I just posted the following on the Filson Bourbon Academy facebook page and I am curious as to what you think about it'
"At the turn of the 20th century the distilleries worked very hard to make straight whiskey a separate category of whiskey from blended whiskey. In 1897 they had Congress pass the Bottled-in-Bond Act of 1897. Bonded whiskey is by law straight whiskey, distinguished from blends by the strict regulations involved in the 1897 Act. The Pure Food and Drug Act of 1906 and the Taft Decision of 1909 further distinguished straight bourbon from “rectified” whiskey, defining the terms “straight whiskey”, “blended whiskey” and “imitation or artificial whiskey”.

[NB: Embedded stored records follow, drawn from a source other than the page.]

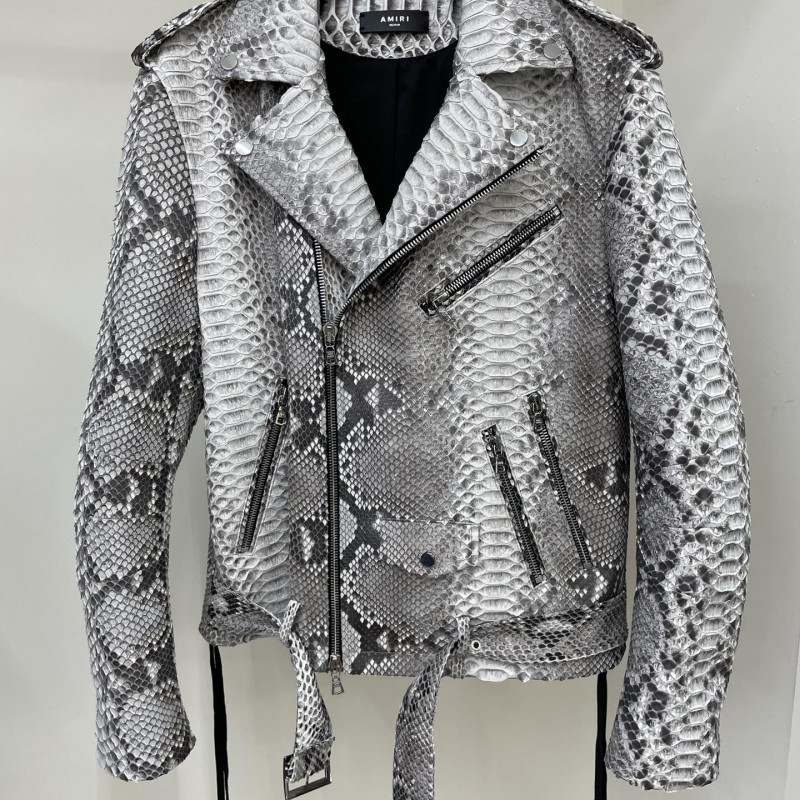Amiri Real python leather jacket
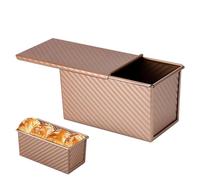 Xialuwy Loaf Tin Non-Stick Loaf Pan with Lids, Bread Tin for Baking, Bread Loaf Pan with Slide for Sandwich Cake, Carbon Steel Bread Mold Bread Baking Pan, 21x10x11cm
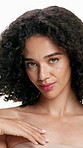 Face, touch and woman for skincare in studio with beauty, smooth texture and natural shine. Portrait, person and confident with healthy skin, dermatology results and facial glow on white background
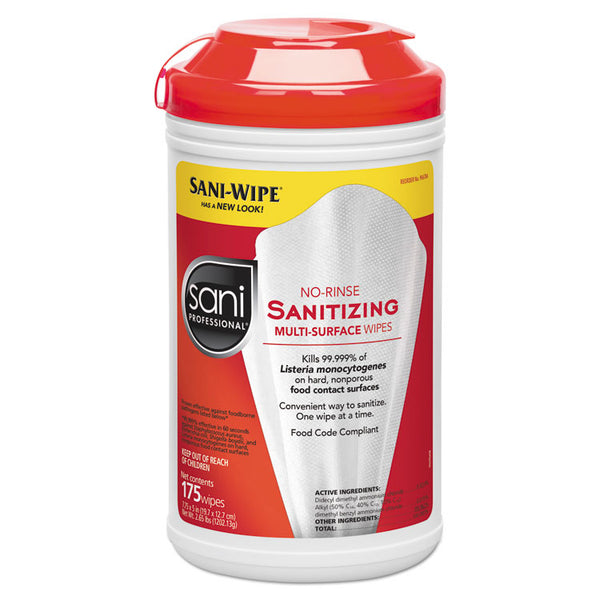 Sani Professional® No-Rinse Sanitizing Multi-Surface Wipes, Unscented, White, 175/Container, 6/Carton (NICP66784)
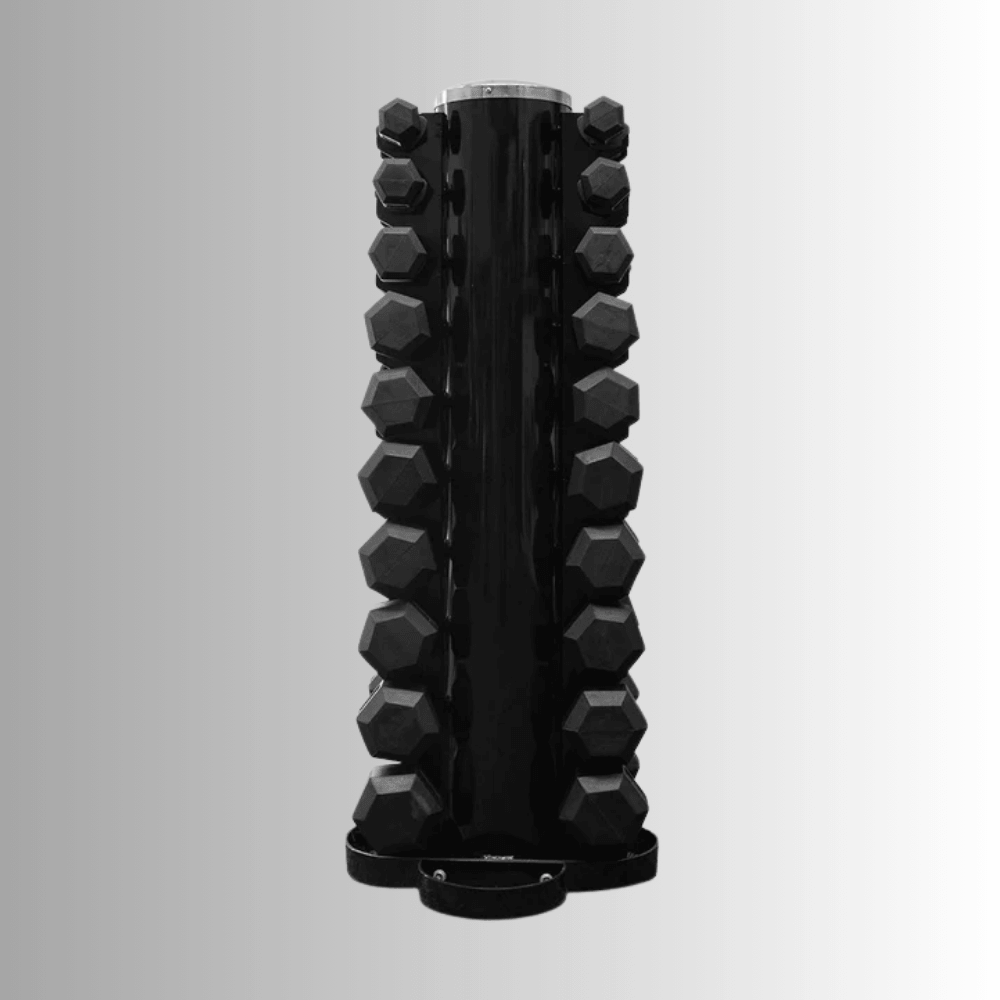 Force Fitness 1-10kg Rubber Hex Dumbbell Set + Rack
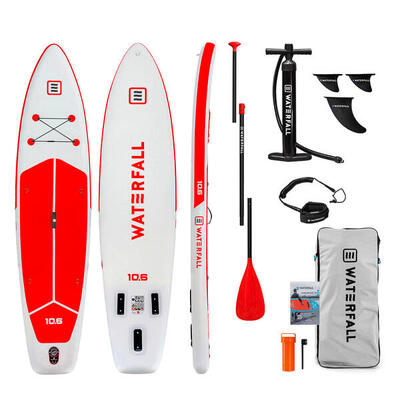 Supboard waterfall touring rood/grijs 10.6' opblaasbaar + accesoires
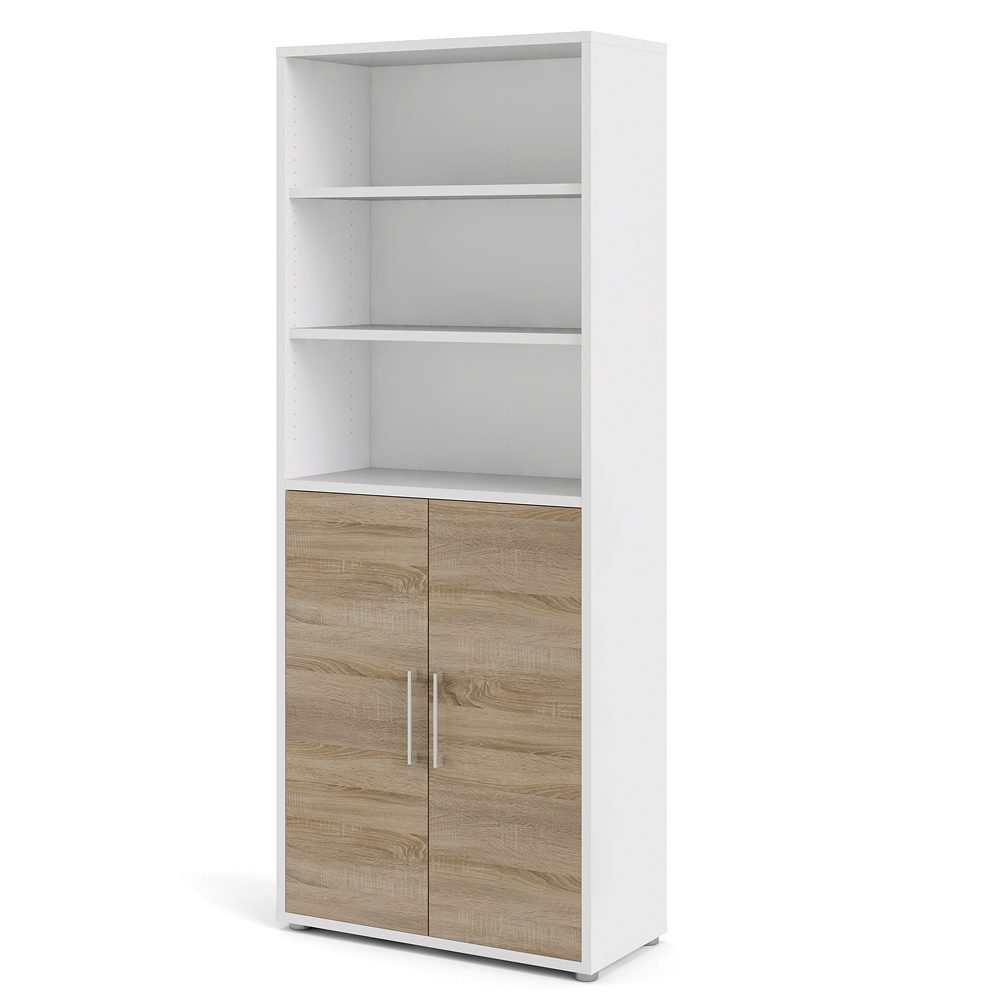 Prisme kontorreol høj 2 låger og 2 hylder hvid, eg dekor billede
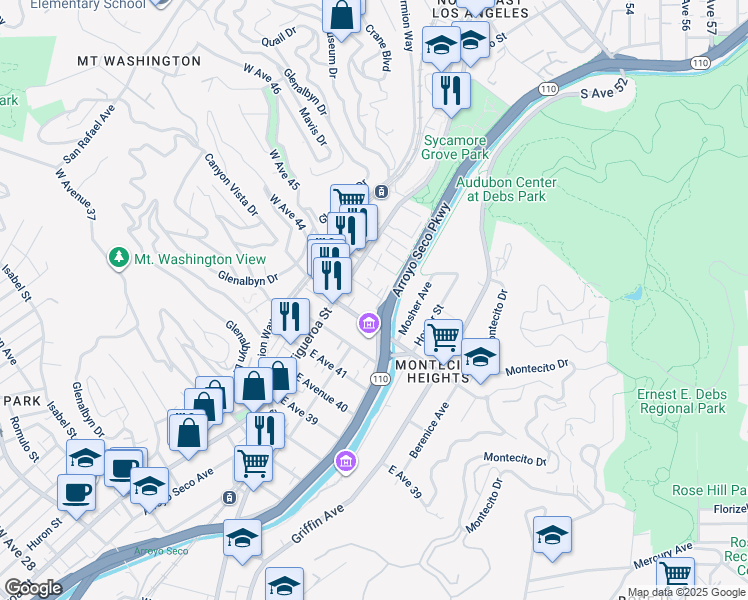 map of restaurants, bars, coffee shops, grocery stores, and more near 136 East Avenue 44 in Los Angeles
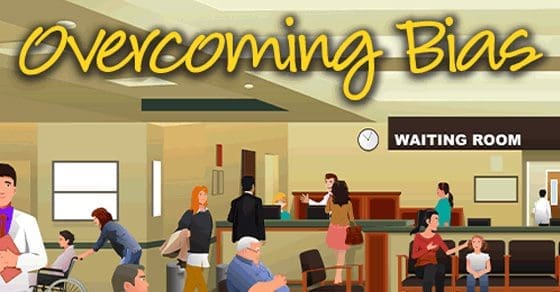 A diverse group of people are shown in a brightly lit waiting room.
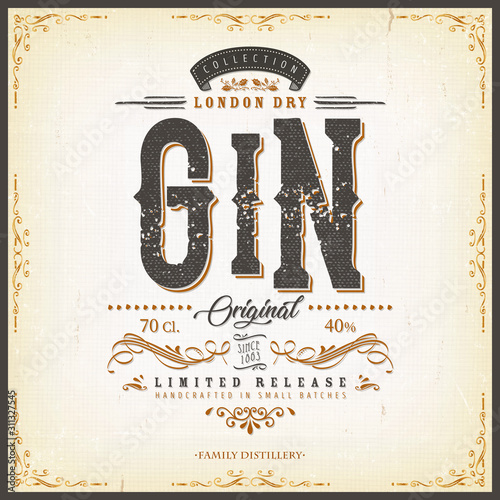 Vintage London Gin Label For Bottle/ Illustration of a vintage design elegant london dry gin label, with crafted lettering, specific product mentions, textures and hand drawn patterns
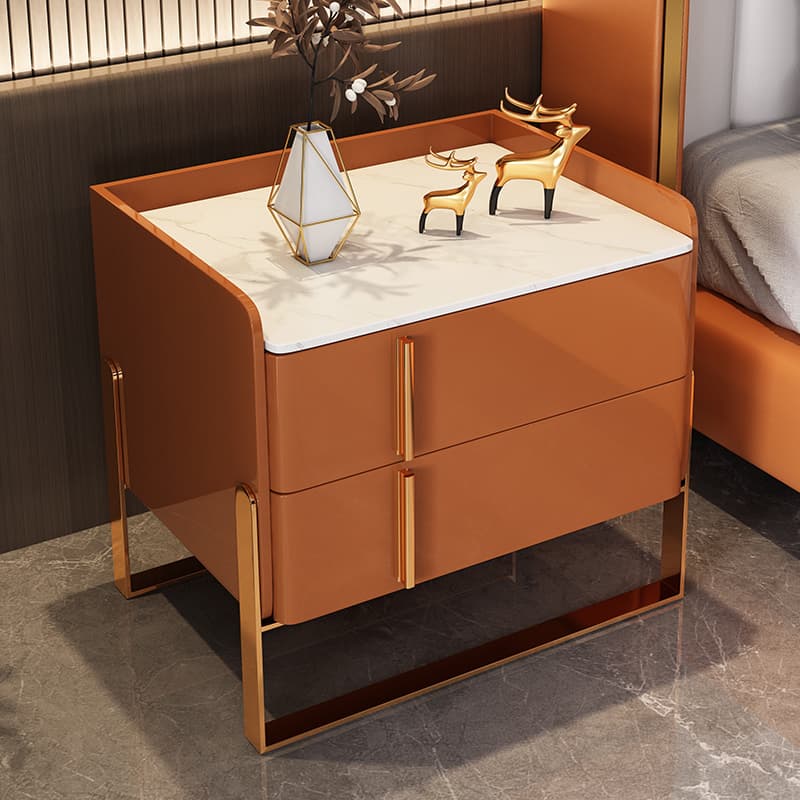 Nightstand With Drawer Organization with Leg, 2 Drawers and Stone Counter Top in a Casual Style thumbnail 11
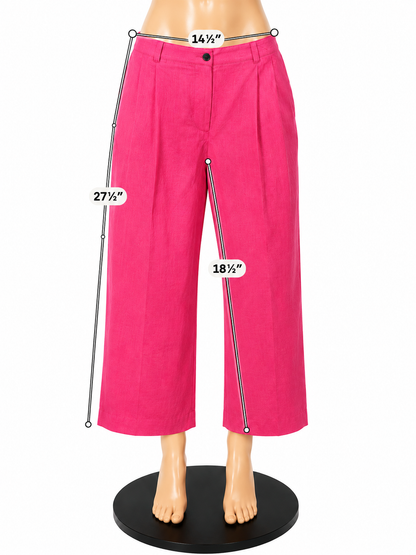Boden Westbourne Linen Trousers Fuchsia Pink Wide Leg Crop Pants UK 22R - ONLINE ONLY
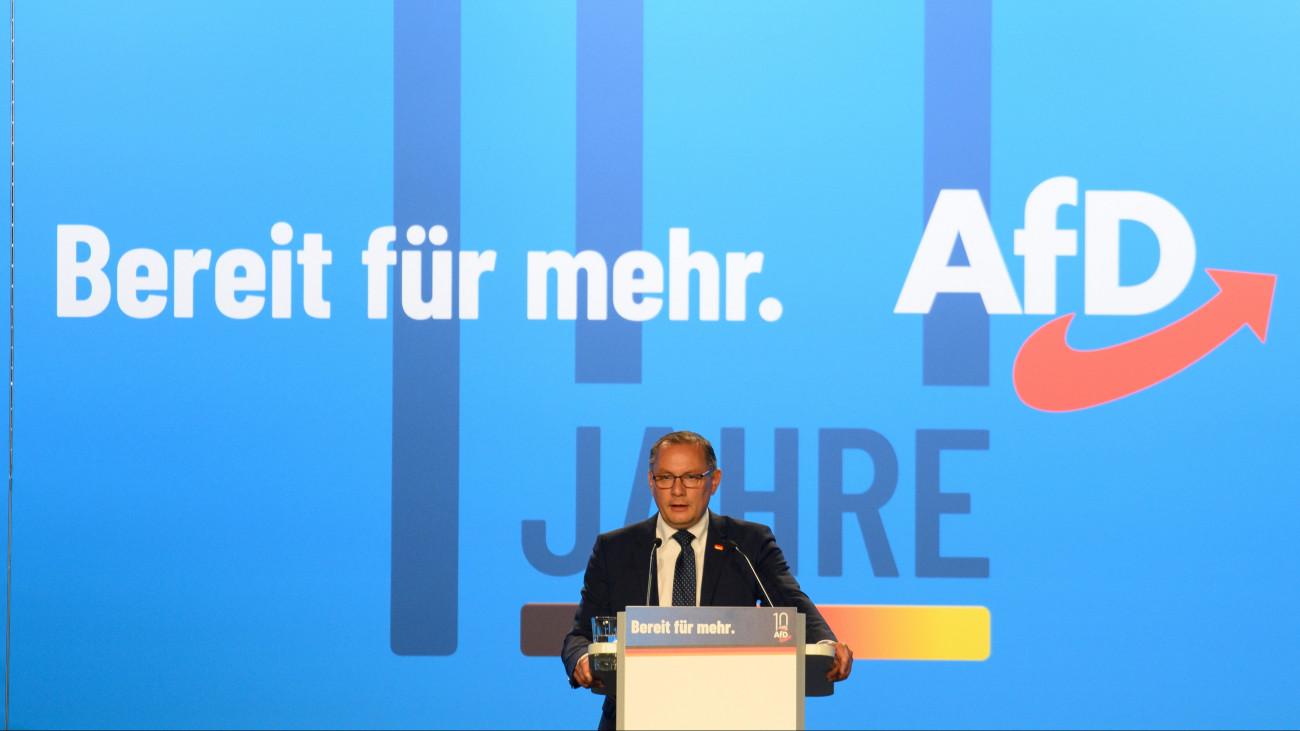 04 August 2023, Saxony-Anhalt, Magdeburg: Tino Chrupalla, AfD federal chairman and chairman of the AfD parliamentary group speaks to the delegates at the AfD European election meeting. These met in Magdeburg for the second part of the AfD European Election Assembly. Photo: Klaus-Dietmar Gabbert/dpa (Photo by Klaus-Dietmar Gabbert/picture alliance via Getty Images)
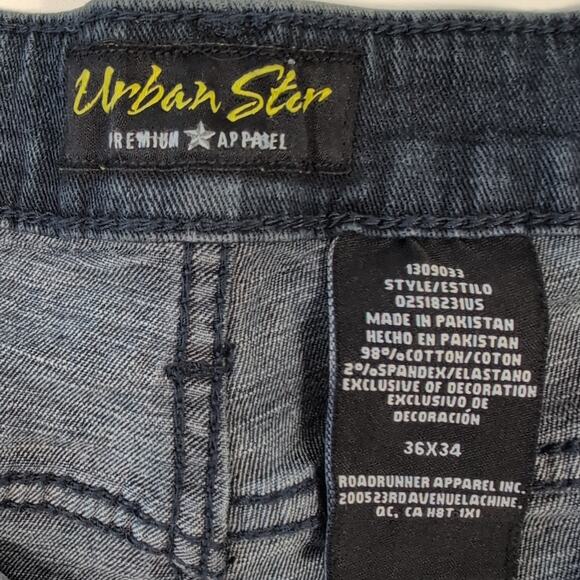 Urban Star Men’s Relaxed Fit Jeans 36x34 Dark Wash Denim Classic Straight Leg - Picture 16 of 16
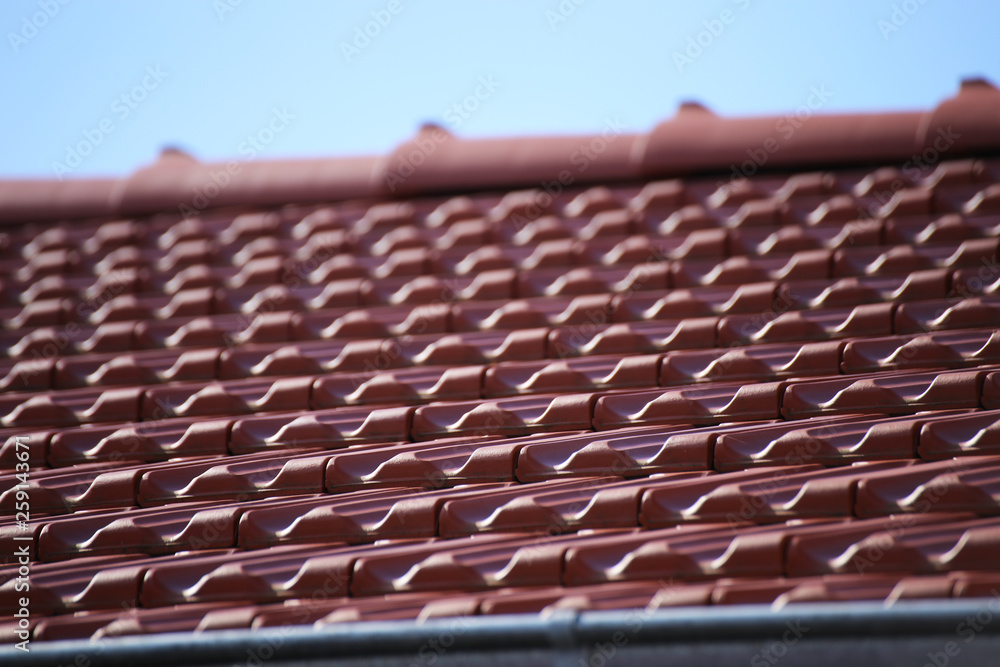 Fototapeta premium Close-up of a new tiled roof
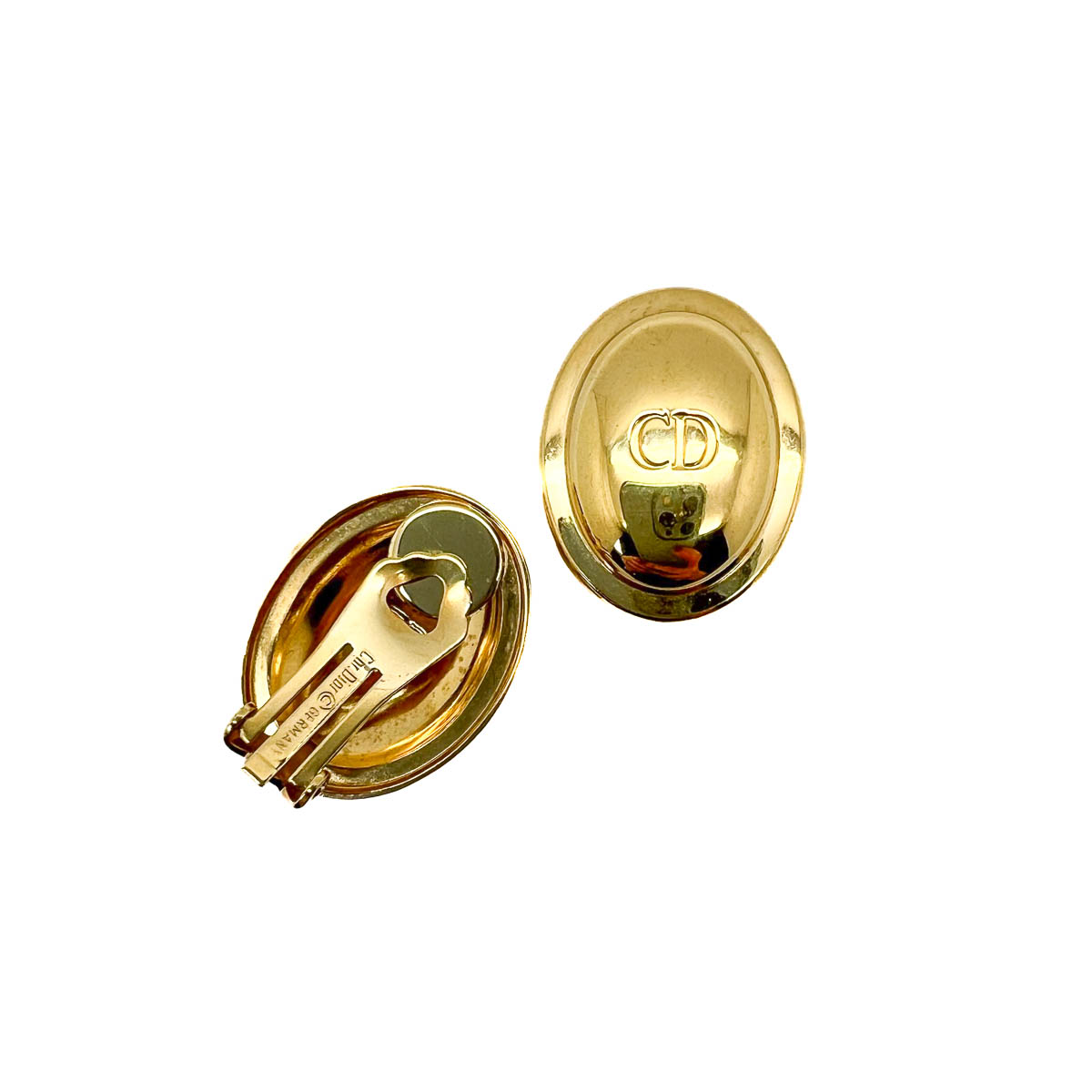 Jennifer Gibson Jewellery 1787 (1) Vintage Dior CD Oval Earrings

The end of the 20th century saw these gains reversed. First de-regulation in the Reagan era took the teeth out of the Bottled-in-Bond Act of 1897. No longer was there a tax stamp required with the information as to the season and year the whiskey was made and bottled so there was no way the consumer would know for sure the age and vintage of the whiskey. Then the government started allowing products to be called “Bourbon” after being put into used wine barrels for a period of time. Then they started to allow flavors to be added to whiskey and still call the product “Bourbon”. It seems the meaning of “Straight Bourbon” is being attacked from within and the person most harmed is the consumer. At the present rate Bourbon whiskey may be nothing more than another blended whiskey."
Is Bourbon slowly becoming just another blended whiskey?